Another reference is
by J. B. Holder in his writing of Along the Florida Reef during his voyage
of 1860: ". . . Near by was an ambitious looking slab, covering
a brick tomb. . . . " This is the only reference I have found of it being
a brick tomb.
A newspaperman in the Florida
Times Union on May 22, 1892 wrote the following: "...Any one who visits
Indian Key will see upon the beach a ponderous slab of the purest marble;
its size is about four feet wide by seven feet in length; it lies on the
beach - it "lieth" in more ways than one, for it is a standing falsehood.
The inscription is something like this: (he quotes). The stone does not
tell the truth, because the body of Captain Houseman [sic] does not lie
beneath; in fact the stone remains on the beach where it was landed, just
above the high water mark, years and years ago..."
This was 51 years after
Housman's demise and a lot of activity had taken place on Indian Key during
that time. The great hurricane of 1846 washed away the Key West graveyard
so there is no way to ascertain if there was a burial plot there. Anyway,
the broken marble epitaph was taken to Miami by the Historical Association
of South Florida in 1952 and now is at Lignum Vitae Key.
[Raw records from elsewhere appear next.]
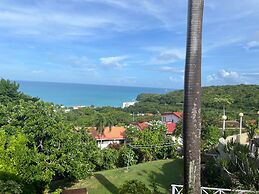 2-bedroom Apartment With Seaviews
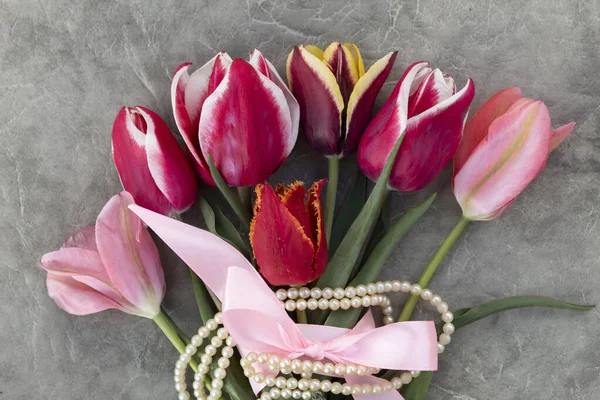 Auf Grauem Hintergrund Liegt Ein Schöner Strauß Tulpen Mit Rosa — Stockfoto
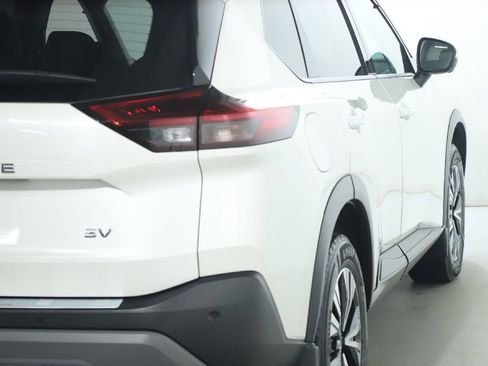 Used 2021 Nissan Rogue SV w/ Premium Package FWD image 47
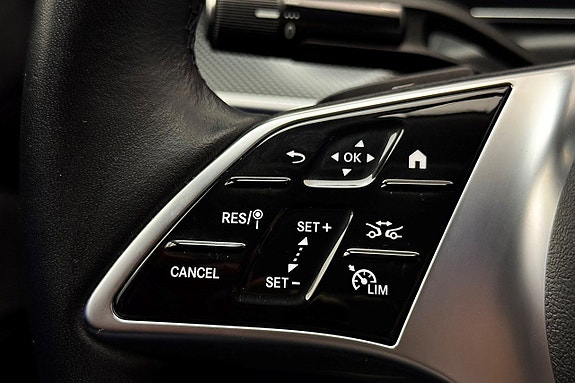 Mercedes-Benz C300 e 20 of 30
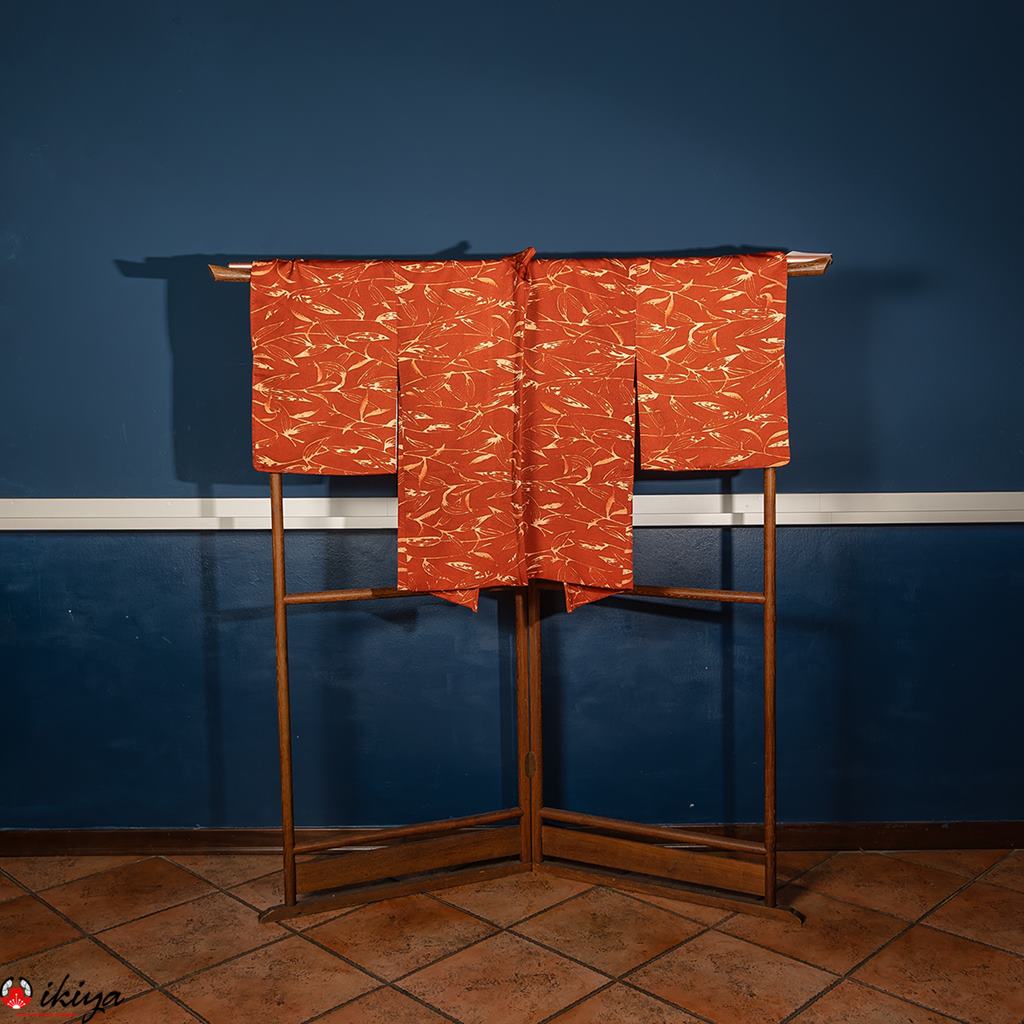 Haori vintage in seta arancione scuro con foglie di bambù stilizzate - immagine 3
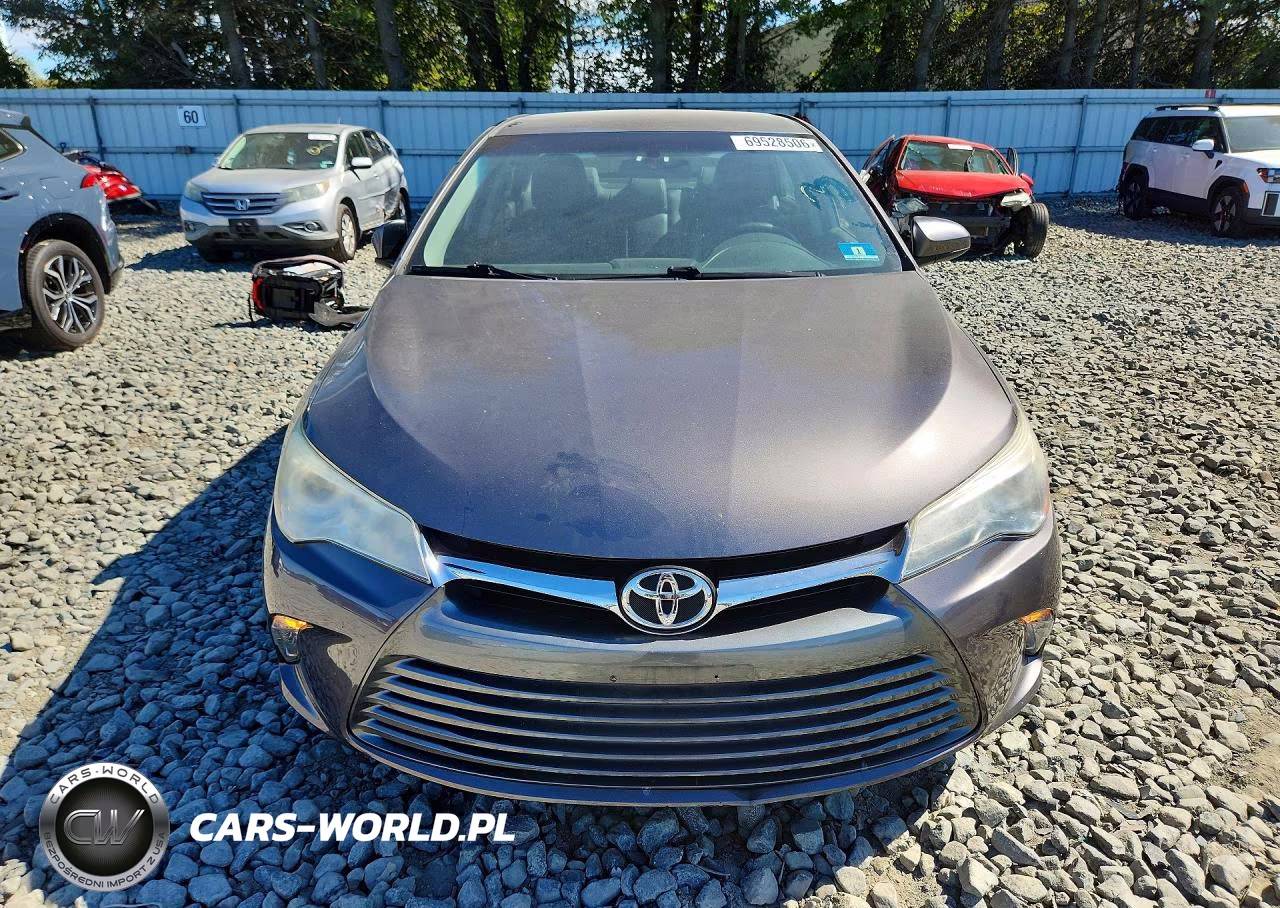 2016 Toyota Camry Xle VIN:4T4BF1FK6GR521962 - 5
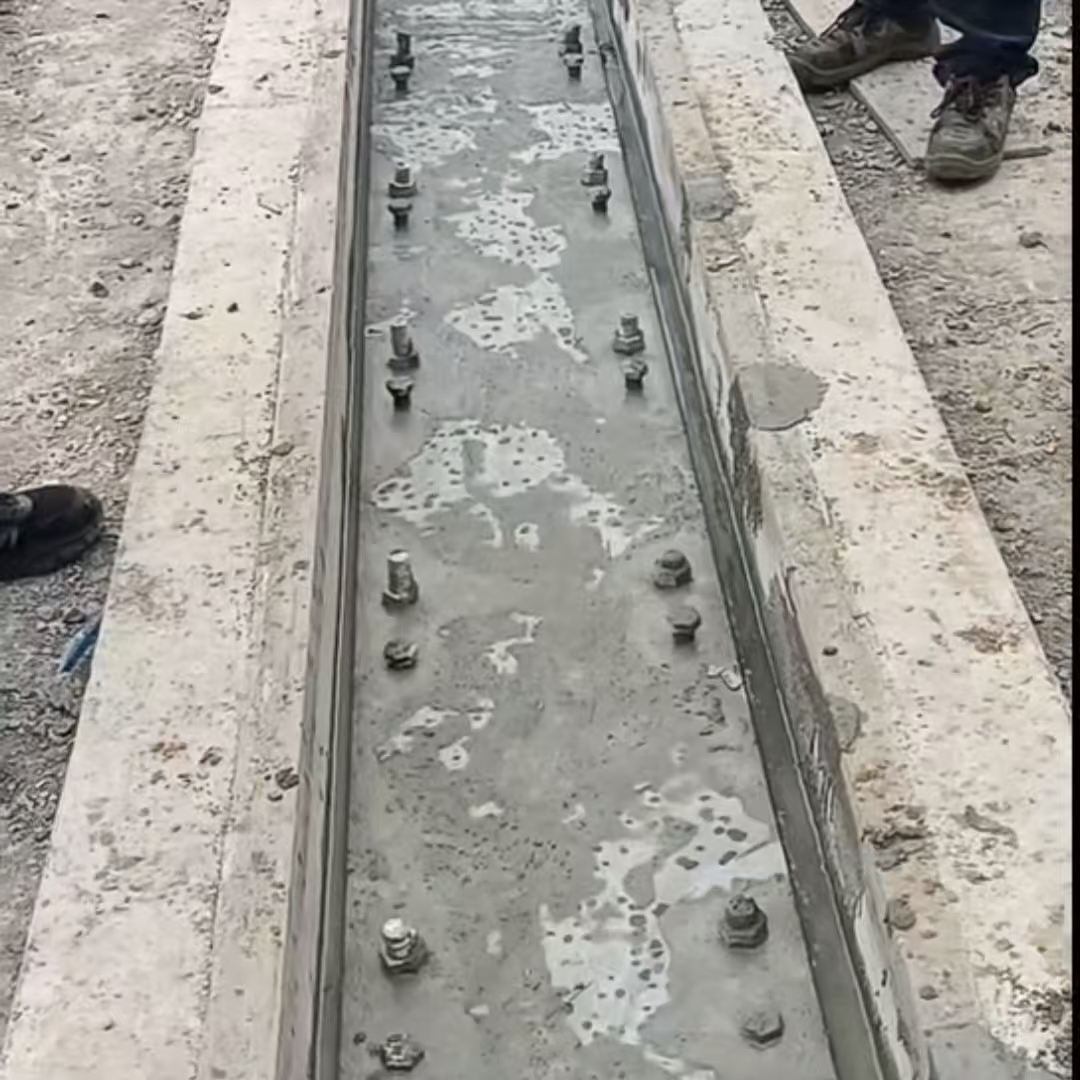 沂水港口码头起重机龙门吊重型机械设备稳固用早强快凝轨道胶泥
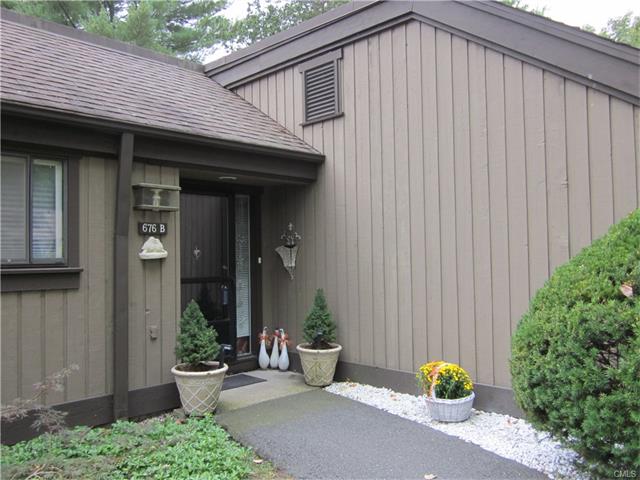 676 Heritage Village, Southbury, CT 06488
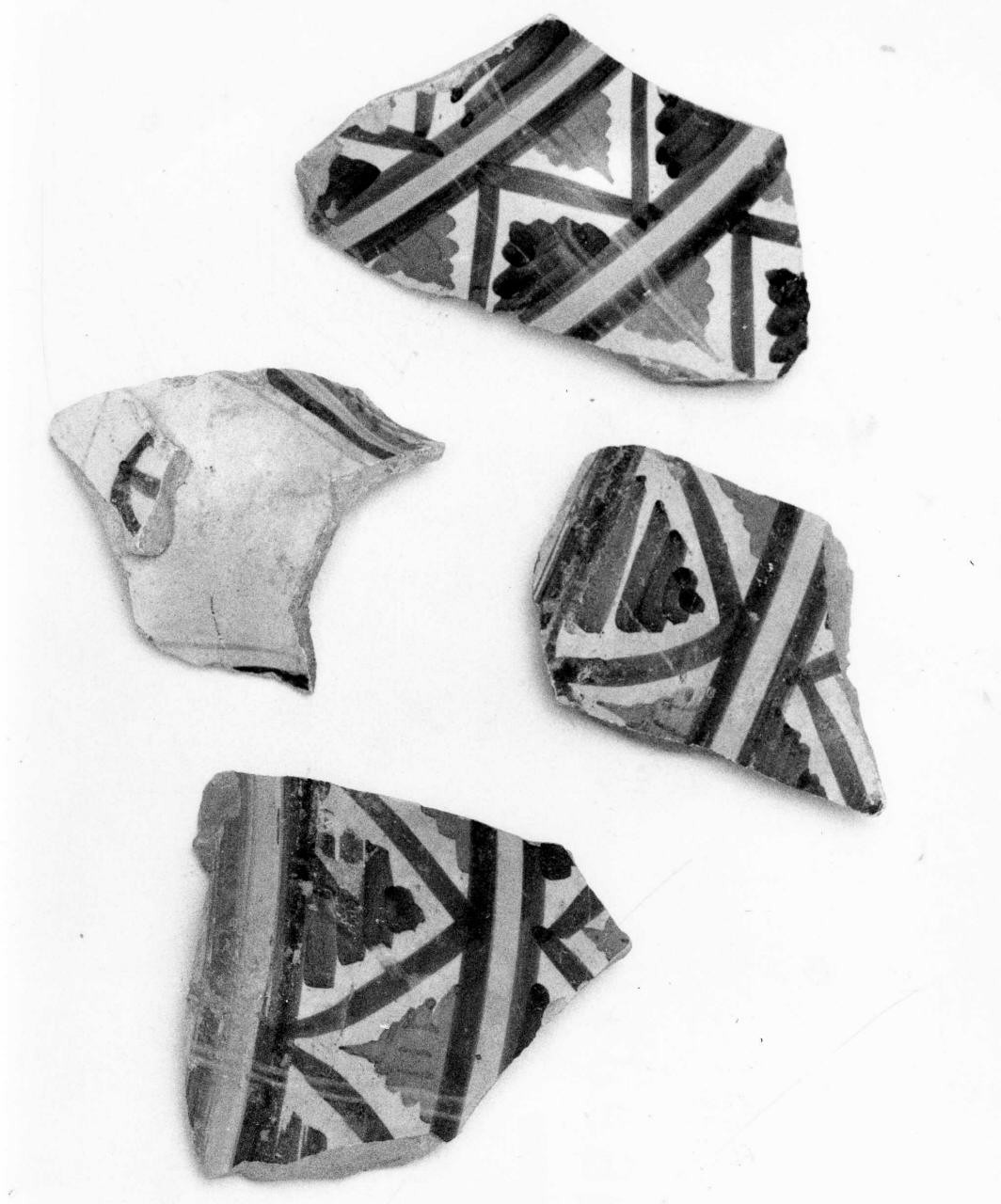 vasellame, frammento - bottega toscana (secc. XV/ XVI)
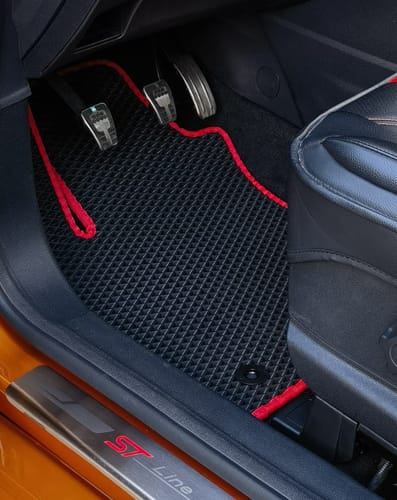 Kerstin S. review of Auto Fußmatten nach Maß - Vorne image 1 out of 3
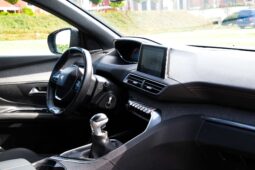 
										Peugeot 5008 full									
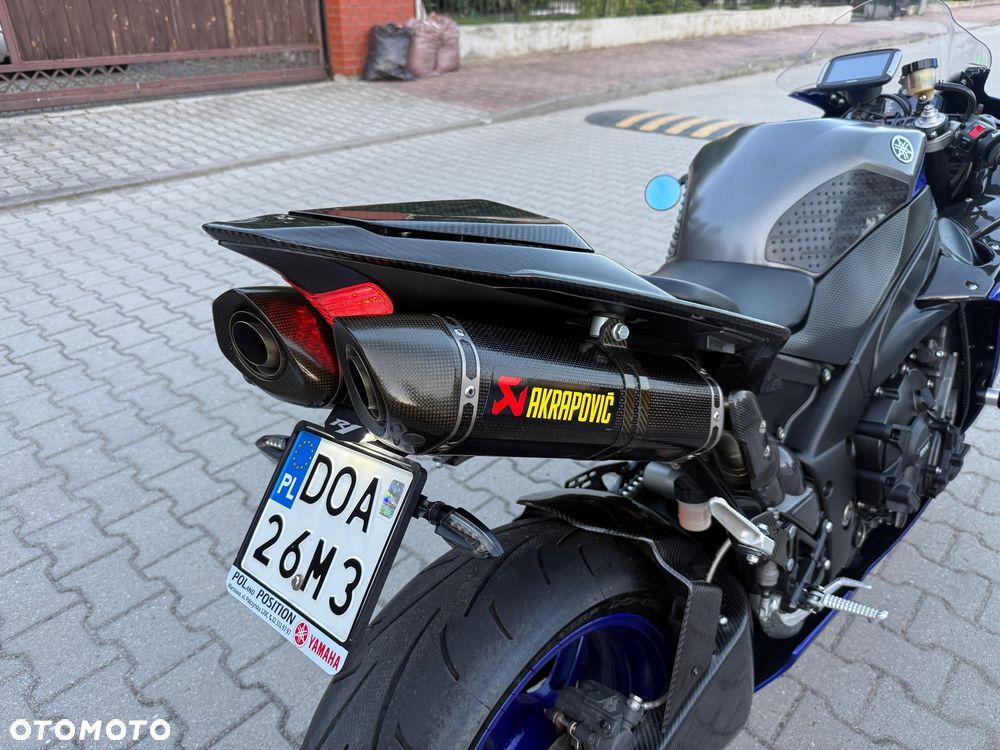 Yamaha R1 - 18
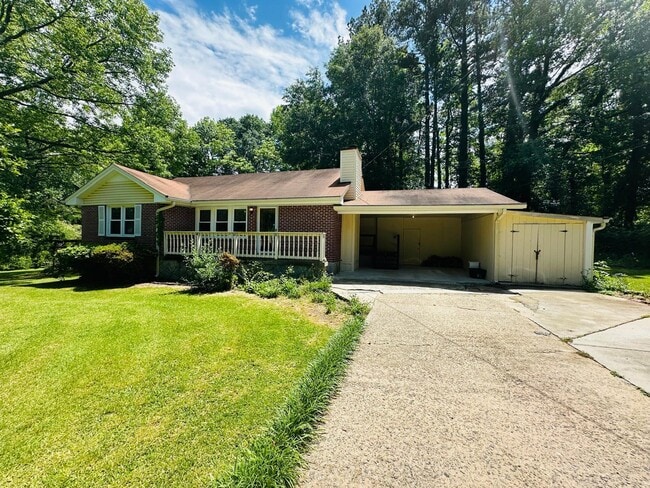 Fantastic Full Brick Ranch - Fantastic Full Brick Ranch Apartment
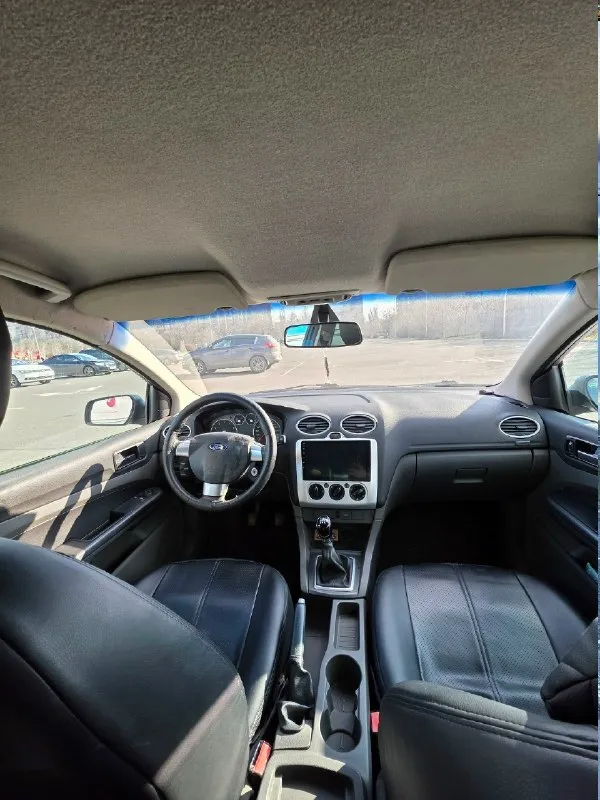 Ford focus 2, дорестайлинг, 2005 г. В. , 1.6 л, 115 л. С. , мкпп. Комплектация: • кондиционер (рабочий, заправлен, пройдена полная диагностика летом 2024 года); • гур (был заменён вместе с приводными ремнями); • эсп передние; • электрорегулировка зеркал; • центральный замок; • штатная сигнализация (с датчиком объема); • блокировка замков задних дверей (с ключа); • мультируль с регулировкой по высоте и вылету; • штатная магнитола (с кодом) + планшет; • бортовой компьютер; • микролифт водительского сиденья; • обогрев заднего стекла; • птф; штампы r15 на летней резине, три ключа. Продажа с полным переоформлением, я собственник, без штрафов и арестов. За время владения авто многое было заменено, обслужено. Из последних работ - слесарные (замена порогов, варка арки), обновление лкп, переборка двигателя. Имеются на всё чеки, заказы-наряды. За подробной информацией общаться в лс, +79493230942 цена - 450 000₽
📞 Звоните: +7(949)3230942 - фотография - 7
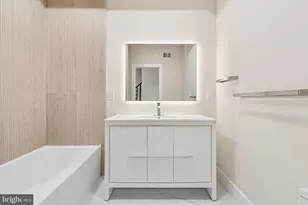 2440 E Harold St, Philadelphia, PA 19125 - Photo 17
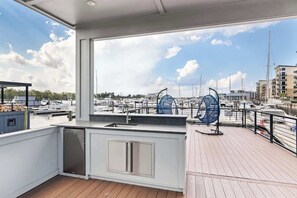 Eine moderne Küche mit einem großen Fenster mit Blick auf einen Jachthafen.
There was another unresolved court
case at the death of Mr. Housman. This involved the case of Housman versus
Cussans, November 19, 1839, Docket 64 of Superior Court. Housman sued for
costs, " •.. of supplies, repairs and other necessities to be able to sail
upon the high seas..." in a contract with Richard W. Cussans for the sloops
The case was still not settled at his death and Mrs. Housman petitioned
to be substituted which was granted. She won, but the settlement was reduced
by 10 percent for overpricing, but increased by eight percent for interest
owed. Cussans appealed and lost.
Housman left no legal last
will and testament and Judge L. W. Smith in Key West on January 20, 1842
revoked Elizabeth Ann Housman claim as the executrix to Jacob's will. The
following letter of administration was found in Richmond County, N.Y. 1787
- 1865, file number 448, book 2, page 150, June 29, 1841, May 13, 1843:
"Jacob Housman of schooner Sylph at Key West or Indian Key off the
Florida Coast. Administrator: Father, Abraham P. Housman. Widow: Eliza
Housman at Key West. No children." The only item listed as part of his
estate was the schooner SYLPH valued at $1,500.00. One should note
that the vessel KEY WEST registration continued in the ownership
of Jacob Housman until June 4, 1842. His father, Abraham, pursued the probate
action vigorously for years and eventually lost. His primary efforts seemed
to be directly at reimbursement for the militia expenses since it became
fairly obvious that Jacob did not have title to the land and his buildings
that were burned by the Indians.
After the raid and Housman's demise on
May 1, 1841, Indian Key, except for the Howe property, was sold at public
auction to Mowery and Lawton of Charleston, S.C. for $355 on January 15,
Mrs. Ann Housman remarried later
in 1841. The following data is included in the Monroe County Court House
records 11-64, "Crawford Thompson, Esqr. of Sheffield, England and Mrs.
Elisabeth Ann Housman of Indian Key, Dade County, at present of Monroe
County, Florida were married on December 14, 1841 at Key West by Alfred
E. Ford, Minister of the Protestant Episcopal Church."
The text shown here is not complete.